Published: 24 August 2011



Making a definitive preoperative diagnosis of solitary pulmonary nodules (SPNs) found by CT has been a clinical challenge. We previously demonstrated that microRNAs (miRNAs) could be used as biomarkers for lung cancer diagnosis. Here we investigate whether plasma microRNAs are useful in identifying lung cancer among individuals with CT-detected SPNs.


By using quantitative reverse transcriptase PCR analysis, we first determine plasma expressions of five miRNAs in a training set of 32 patients with malignant SPNs, 33 subjects with benign SPNs, and 29 healthy smokers to define a panel of miRNAs that has high diagnostic efficiency for lung cancer. We then validate the miRNA panel in a testing set of 76 patients with malignant SPNs and 80 patients with benign SPNs.


In the training set, miR-21 and miR-210 display higher plasma expression levels, whereas miR-486-5p has lower expression level in patients with malignant SPNs, as compared to subjects with benign SPNs and healthy controls (all P ≤ 0.001). A logistic regression model with the best prediction was built on the basis of miR-21, miR-210, and miR-486-5p.

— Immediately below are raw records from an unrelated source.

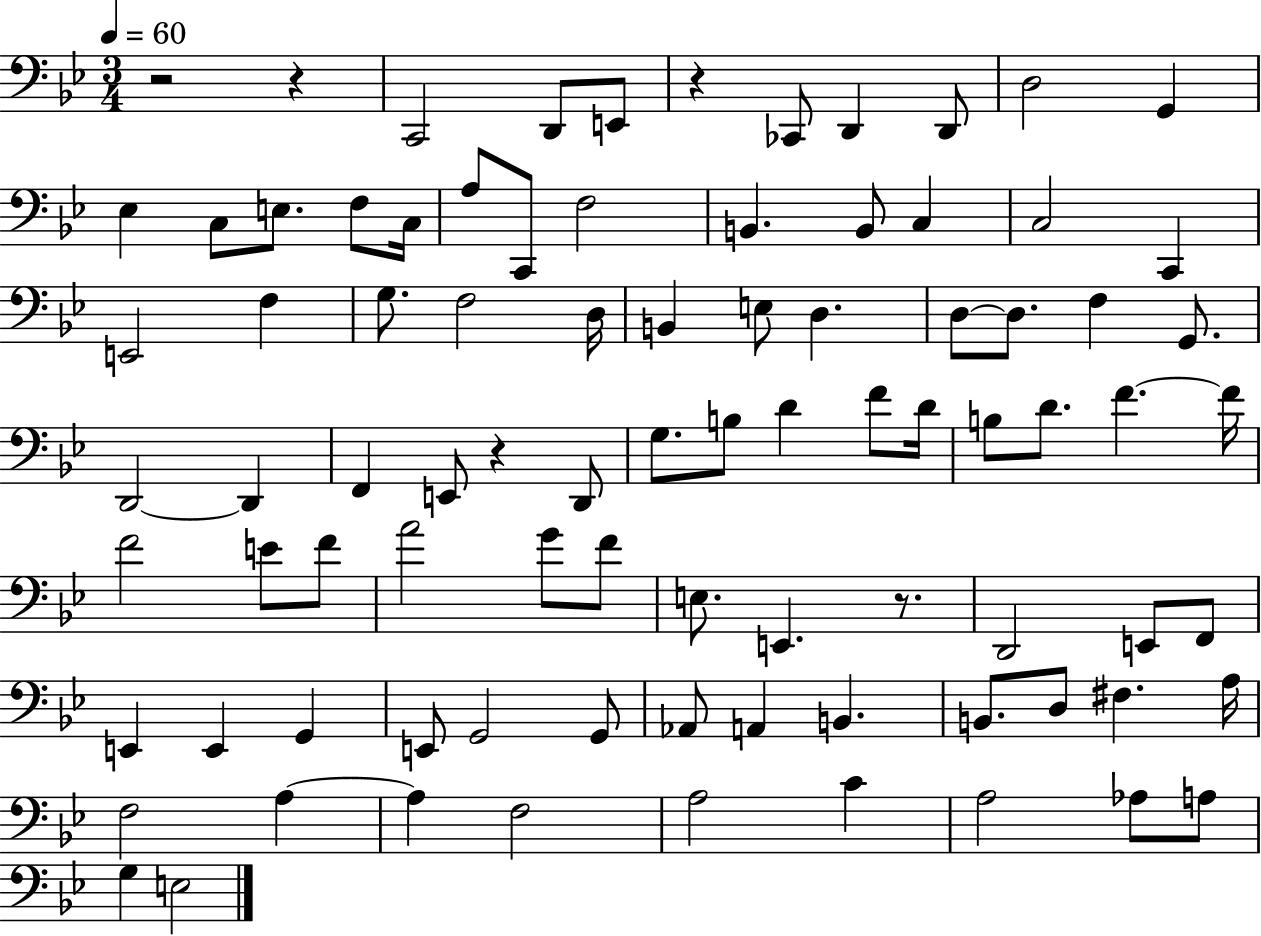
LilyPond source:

{
  \clef bass
  \numericTimeSignature
  \time 3/4
  \key bes \major
  \tempo 4 = 60
  r2 r4 | c,2 d,8 e,8 | r4 ces,8 d,4 d,8 | d2 g,4 | \break ees4 c8 e8. f8 c16 | a8 c,8 f2 | b,4. b,8 c4 | c2 c,4 | \break e,2 f4 | g8. f2 d16 | b,4 e8 d4. | d8~~ d8. f4 g,8. | \break d,2~~ d,4 | f,4 e,8 r4 d,8 | g8. b8 d'4 f'8 d'16 | b8 d'8. f'4.~~ f'16 | \break f'2 e'8 f'8 | a'2 g'8 f'8 | e8. e,4. r8. | d,2 e,8 f,8 | \break e,4 e,4 g,4 | e,8 g,2 g,8 | aes,8 a,4 b,4. | b,8. d8 fis4. a16 | \break f2 a4~~ | a4 f2 | a2 c'4 | a2 aes8 a8 | \break g4 e2 | \bar "|."
}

The three miRNAs used in combination produced the area under receiver operating characteristic curve at 0.86 in distinguishing lung tumors from benign SPNs with 75.00% sensitivity and 84.95% specificity. Validation of the miRNA panel in the testing set confirms their diagnostic value that yields significant improvement over any single one.


The plasma miRNAs provide potential circulating biomarkers for noninvasively diagnosing lung cancer among individuals with SPNs, and could be further evaluated in clinical trials.